The good news? Both your laptop and your hosts are equipped with the latest Wi-Fi and Bluetooth radios. Bluetooth won’t help you much, since it’s not fast enough to transfer the file in a reasonable amount of time, but if you have recent laptops you should be able to get more than a gigabit per second using the Wi-Fi Radios.

Bonne Chance!

Assuming that you and your host have some way to share files locally, and that both the client and server are on the same network, all we need to connect is to figure out what network addresses to use. Thankfully there are standards for doing this. And the beautiful thing about standards is that there are so many to choose from:

Here we have our first problem: Windows and MacOS implement two different protocols, and neither implements the other. Android implements both natively but doesn’t provide it’s own browser or basic set of tools so you’ll need to find an app to complete our proposed file transfer.

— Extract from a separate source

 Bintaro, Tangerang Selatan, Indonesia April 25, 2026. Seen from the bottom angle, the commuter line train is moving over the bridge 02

Administrative Denials of Service

Provided you’re lucky enough to have two devices that can discover each other, they then have to be on the same network to use any of the service discovery protocols we’ve discussed so far. More specifically, they need to be in the same broadcast domain so that service discovery messages can be heard by other devices. Broadcast domains typically extend across an entire Wi-Fi SSID or IP Subnet. However most business guest and internal Wi-Fi networks are “separate but equal” networks, with guest not allowed to connect to the internal network.

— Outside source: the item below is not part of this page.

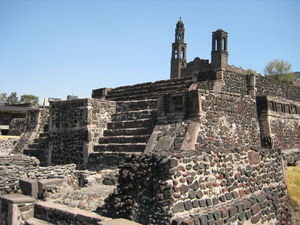 Layers of history: part of an Aztec building with Spanish church behind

Even if both laptops join the guest network many enterprise Wi-Fi networks provide a “client isolation” or “multicast filtering” mode which prevents clients on the network for talking to each other, which prevents service discovery from happening.

Screw It, We’ll Go Direct

Clearly this is a bad situation: two laptops sitting right next to each other on a table which have an array of communications tools but can’t talk to each other, even if they are compatible, due to the network configuration. Unfortunately it’s not uncommon, so the Wi-Fi Alliance (WFA) got together and developed the Wi-Fi Direct specification which allows Wi-Fi Devices to connect to each other without the Access Point getting in the way.

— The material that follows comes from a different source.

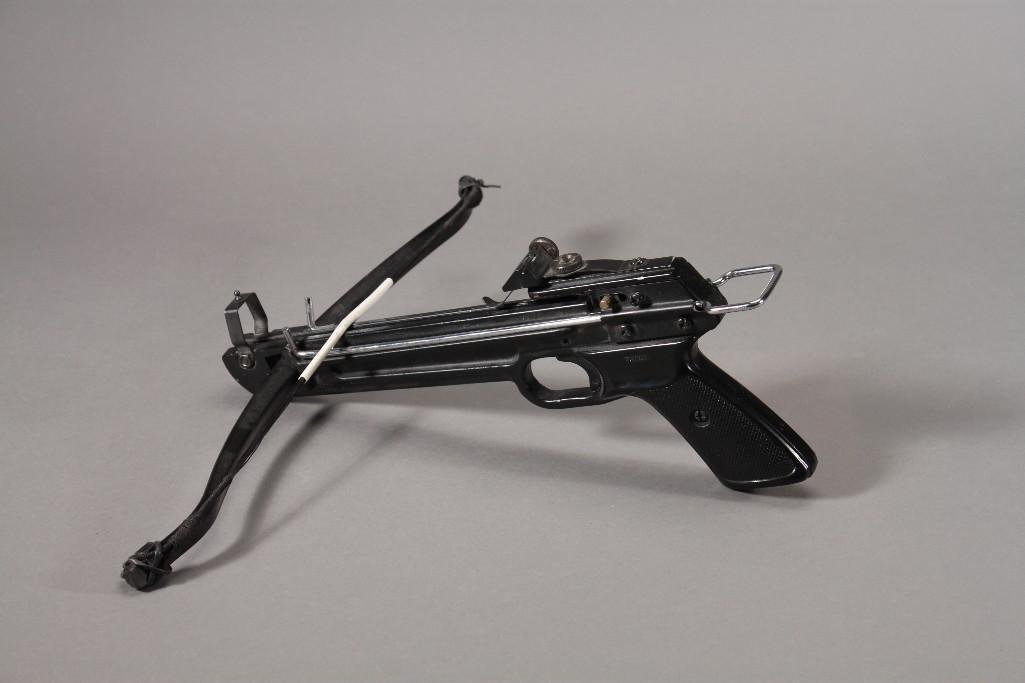 Cross Bow Gun and A Starter Gun (2): Possibly a track and field Starter gun marked ''R'' made in Italy, shows signs of age and wear and a Cross bow gun made in Tawain, no marks. Good condition.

The earliest Wi-Fi Direct devices shipped in 2011. Apple, at about the same time, developed AirDrop and released it in MacOS 10.7. So, once again we have a platform divide: MacOS devices can connect directly (but not with iOS, for a few more years) but AirDrop doesn’t interoperate with Wi-Fi Direct and now we have Apple on one side and Everybody Else on the other. Again.

Now What?

Without a cross-platform story Wi-Fi Direct has had lackluster success, and the WFA has not taken the time to specify the IP networking environment for Wi-Fi that would make existing IP service discovery protocols work. They have added a new and exciting twist with Wi-Fi Aware which overlaps with Wi-Fi Direct in scope and functionality, and allows for pre-association advertising and discovery of services (which Wi-Fi Direct also supports) and then connection to an Infrastructure, IBSS, P2P or Mesh Wi-Fi network on which the application can do further service discovery to get an IP address and finally connect for application layer traffic to flow.

While it’s not unusual for WFA to publish a specification like this, the situation is clearly fraught. While the industry players shuffle for dominance in the service discovery and connectivity market, users are left with the simple and apparently insoluble problem: “Why can’t I connect to the device right next to me?”